Beginning with the line containing "Shiseido Sbn Nutri" and going on through the line containing "Chevrolet Spark Gebrauchtwagen", the lines below are to be returned exactly, pictures excluded and nothing added.

(Beginning of Entries shown)

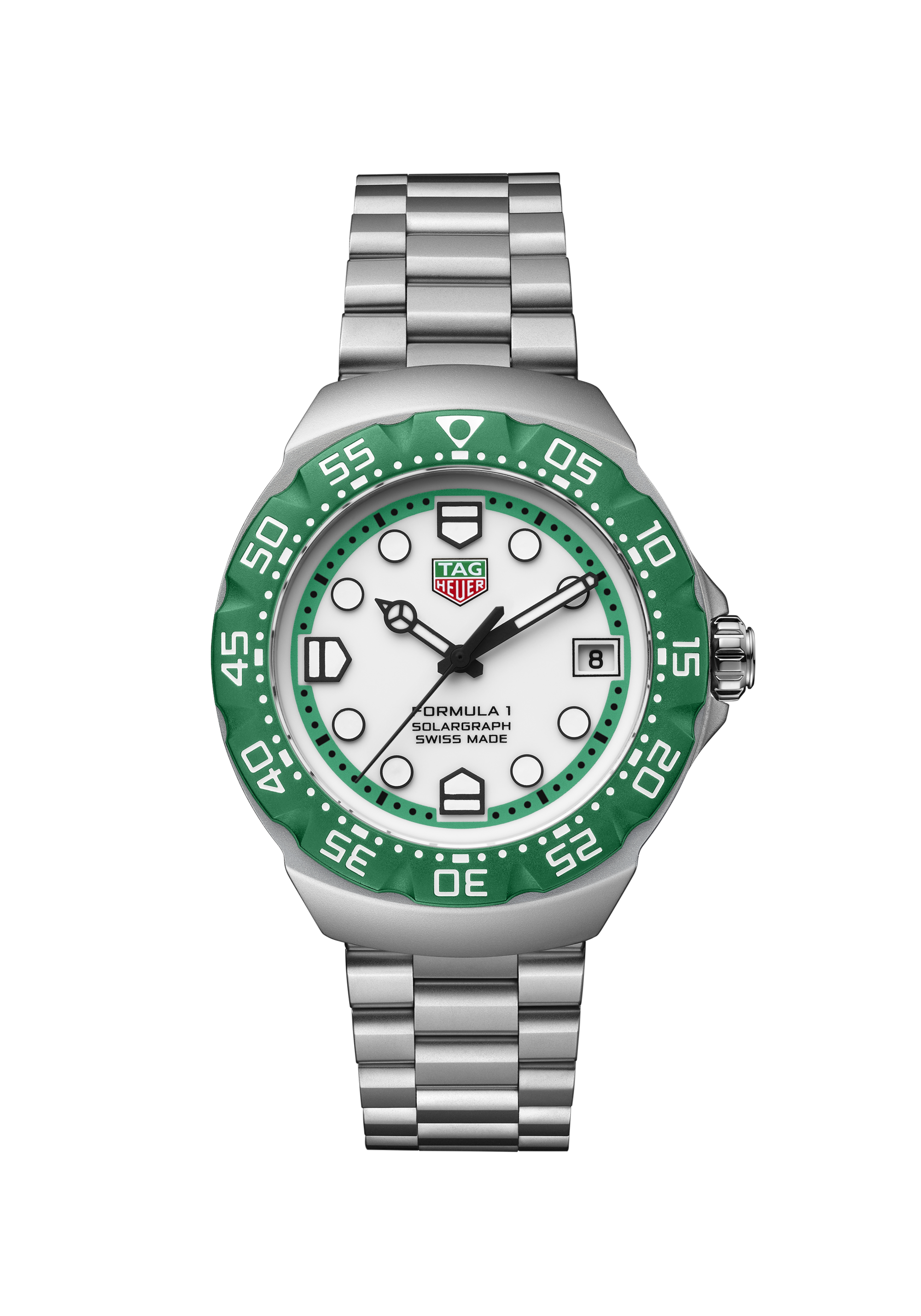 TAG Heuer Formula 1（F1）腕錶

(End of Entries shown)
(Beginning of Entries shown)

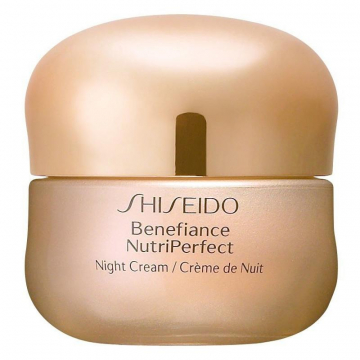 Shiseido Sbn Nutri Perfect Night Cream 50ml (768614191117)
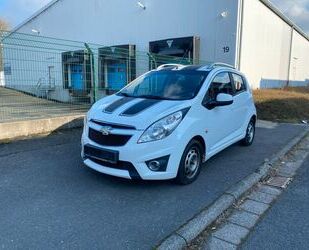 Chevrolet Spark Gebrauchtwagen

(End of Entries shown)

## Response
 Shiseido Sbn Nutri Perfect Night Cream 50ml (768614191117)
 Chevrolet Spark Gebrauchtwagen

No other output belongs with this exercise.